AT about the time Joseph Barrow Montefiore returned to Sydney, another adventurous young Jew, twenty-four-year-old Joel Samuel Polack, was making preparations to leave Sydney for New Zealand. Though young in years, he had travelled extensively and could be described as a man of considerable experience. Born in London in March, 1807, of Dutch parents who had settled in England, he began at a very early age to follow the calling of his father, Solomon Polack, a well-known London Jewish artist. When only sixteen, young Joel Samuel exhibited miniature paintings at the Royal Academy. Apparently the proceeds from his activities as a miniature portrait painter did not bring him affluence, for he joined the War Office and served in the Commissariat and Ordnance Department for which his talents and education well fitted him. A sound knowledge of a number of sciences, languages as well as histories, helped him to be selected for tasks which carried him to many parts of Europe, North America and even as far as South Africa on behalf of the Department. Of an inquiring mind and with an interest in exploration, he took the opportunity, whilst on the African continent, of sailing for Madagascar where, helped by his knowledge of French, he made investigations concerning the nature of the interior of the island.

His keenness to travel brought him out to Sydney where his brother Abraham already enjoyed a reputation as an innkeeper and a pillar of the Jewish community. In 1839 he was elected Chairman of the Building Committee to erect a new synagogue in York Street, Sydney. Joel Samuel Polack set himself up as a merchant and ships' chandler, but whether business competition was too fierce or whether he enjoyed exploration better than trade, is not known, but it was not many months after he had arrived in Sydney that he was already on his way to New Zealand.

He landed in 1831 at Hokianga, on the west coast of the North Island, where the Wesleyans had established a mission. The Methodists, when they founded their first mission station, in 1822, in the vicinity of the Anglican settlement in the Bay of Islands, worked in co-operation with their Christian brethren with little sectarian rivalry. Later, the Methodists alleged that the catechists and the lay workers of the Church Missionary Society station established by Marsden, were labouring for their own private benefit page 34 instead of trying to improve the status of the natives. The rivalries between the two sects grew to such an extent that the Wesleyans decided to move from the east to the west coast. Polack appreciated their efforts and motives, though the natives themselves were wary and suspicious. The missionaries acted in the kindest way to Polack.

Quickly learning to understand and speak the Maori language, Polack soon gained the trust and confidence of the Hokianga natives, who told him all he wanted to know since he was not a missionary.

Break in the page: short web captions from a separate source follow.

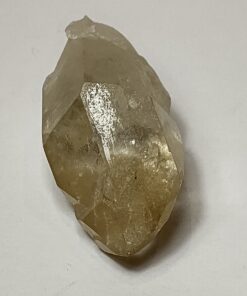 Natural Crystal: Citrine Point 'Record Keeper'(Approx 7x4x3.5cm)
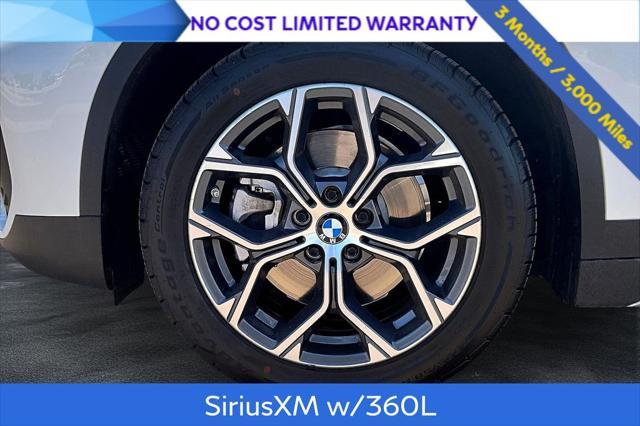 used 2022 BMW X1 car, priced at $23,989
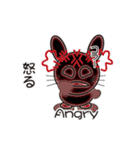 英単うさぎ（和訳あり）（個別スタンプ：33）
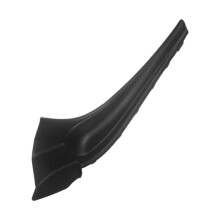 Garniture de Pare-Brise (Gauche) 66895-3AN0A Compatible avec pour Sylphy, Tiida, X-Trail T32 Versa 1 Pièce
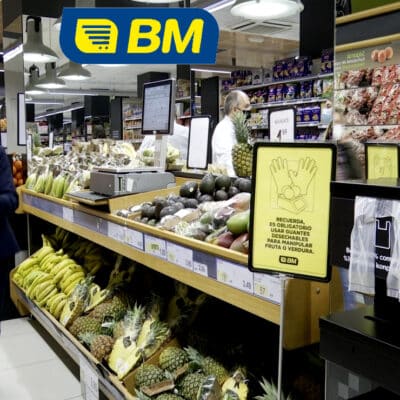 empleo Supermercados BM Personal4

The natives respected the traders more than they did the missionaries because they received something from the merchants and greatly enjoyed bartering. Traders also had a better understanding of the character of the natives. The Maoris took a particular liking to Polack. He reciprocated. He respected their keen intelligence and enjoyed their sense of humour. For twelve pleasant months he collected flax at Hokianga, carefully noting Maori customs and recording their tales and legends. From them he learnt the native version of the coming of the white man. They thought the ship in which Captain Cook arrived to be a gigantic bird. When they saw a smaller ship and white human beings on it, they believed it was a house full of divinities. The killing of a chief from a musket shot they thought to be a thunderbolt from the "atuas", the gods, whilst the sound which issued from the musket was their thunder. Their dearest wish was to revenge themselves for the slaying of their chief, but they did not know how it could be done against the power of divinities. They considered the white man could bewitch them with a look and that some Maoris had become ill when staring at them. For this reason they thought it would be better to be rid of the "atuas".

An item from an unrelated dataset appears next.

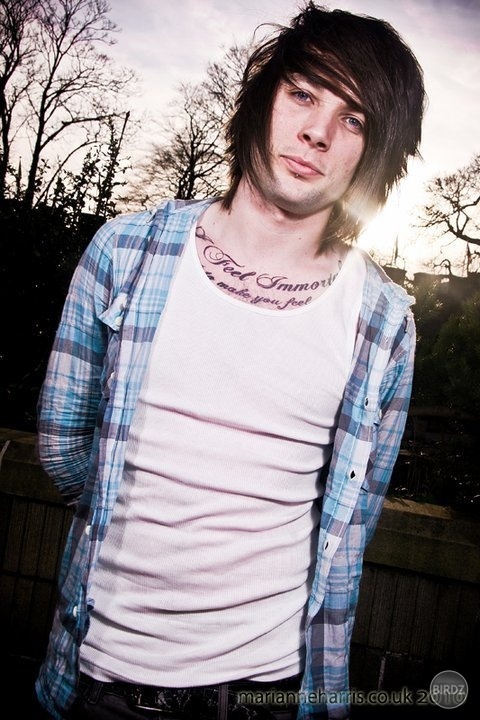Kevin Miles (Yashin)... beauty in simpliness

As a clever, trained observer, Polack accumulated a great fund of knowledge on many aspects of the Maoris and New Zealand. His native friends helped him garner much of his material. Their friendship, too, led him quietly to form a liaison with a Maori girl.

Within a short time of arrival, Polack began to satisfy his passion for exploration. Using a whaleboat, he sailed for Kaipara on a commercial speculation, principally to discover if the river had a channel through its sand-bar. Early in 1832 he made a similar exploration, going farther afield in search of spars and flax. He always took his native servant, Puhi, with him. On the second venture ten natives accompanied him in order to visit their relatives and to gain prestige for serving a "Rangatira no Uropi", a gentleman from Europe. Wherever he went he was received hospitably, rubbing noses with the natives and causing astonishment amongst them. They would watch him dressing in the mornings, and his washing, shaving and mirror were continual sources of amazement. His comb did not arouse curiosity as they possessed a similar article for personal use. At one village, as a sign of friendship, a native carried him on his back and took him down page 35 hill, whilst at another village where he rested, the head of a family offered him his beautiful, pleasant, vivacious, fifteen-year-old daughter as a wife. Polack was given no time to accept or refuse. The girl, Konihaua, ran off.

Sailing down the Wairoa River and exploring the Thames area, he estimated the land would be good for colonization, so he prepared the way by mapping and sketching the rivers, coastline and surrounding terrain. His journey was not free from fear. Once he came to a village where he was horrified to see decapitated heads of natives stuck on the palings of the Maori pa, and the fierceness of the terrifying shouts and movements of naked Maoris dancing a haka also caused him no little trepidation. Not without belief in God, Polack, on his return, offered a prayer of thankfulness to his Heavenly Father that He had brought him back safely to Hokianga.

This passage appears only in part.